### Problem requirements
Include only the line with "Perbandingan Kekuatan Tempur India VS China" and the lines after it, each reproduced exactly as it stands in the entries below.

### Extracted records

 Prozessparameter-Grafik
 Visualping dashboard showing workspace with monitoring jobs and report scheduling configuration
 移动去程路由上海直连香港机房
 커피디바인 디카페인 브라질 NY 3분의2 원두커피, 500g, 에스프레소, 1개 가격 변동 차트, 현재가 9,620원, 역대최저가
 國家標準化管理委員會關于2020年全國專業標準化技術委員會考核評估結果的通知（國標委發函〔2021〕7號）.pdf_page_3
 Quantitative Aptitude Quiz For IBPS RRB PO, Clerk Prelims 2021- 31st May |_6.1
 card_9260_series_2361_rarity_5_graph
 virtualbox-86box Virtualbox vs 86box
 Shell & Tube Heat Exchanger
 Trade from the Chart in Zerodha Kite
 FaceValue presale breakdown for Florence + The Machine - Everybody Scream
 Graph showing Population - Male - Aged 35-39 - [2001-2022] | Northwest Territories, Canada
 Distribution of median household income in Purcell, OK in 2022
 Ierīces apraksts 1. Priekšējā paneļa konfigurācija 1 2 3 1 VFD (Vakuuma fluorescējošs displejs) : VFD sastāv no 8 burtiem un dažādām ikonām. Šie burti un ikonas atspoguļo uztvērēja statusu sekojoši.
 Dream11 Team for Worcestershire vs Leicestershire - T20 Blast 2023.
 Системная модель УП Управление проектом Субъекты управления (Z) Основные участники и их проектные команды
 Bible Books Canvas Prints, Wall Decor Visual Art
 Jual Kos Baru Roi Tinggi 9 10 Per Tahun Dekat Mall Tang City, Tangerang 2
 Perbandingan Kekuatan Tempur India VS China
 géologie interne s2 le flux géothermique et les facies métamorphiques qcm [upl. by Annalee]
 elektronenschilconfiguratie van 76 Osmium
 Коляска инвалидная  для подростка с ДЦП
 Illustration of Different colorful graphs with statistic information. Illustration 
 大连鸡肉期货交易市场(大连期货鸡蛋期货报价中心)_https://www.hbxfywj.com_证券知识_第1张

### Expected answer
 Perbandingan Kekuatan Tempur India VS China
 géologie interne s2 le flux géothermique et les facies métamorphiques qcm [upl. by Annalee]
 elektronenschilconfiguratie van 76 Osmium
 Коляска инвалидная  для подростка с ДЦП
 Illustration of Different colorful graphs with statistic information. Illustration 
 大连鸡肉期货交易市场(大连期货鸡蛋期货报价中心)_https://www.hbxfywj.com_证券知识_第1张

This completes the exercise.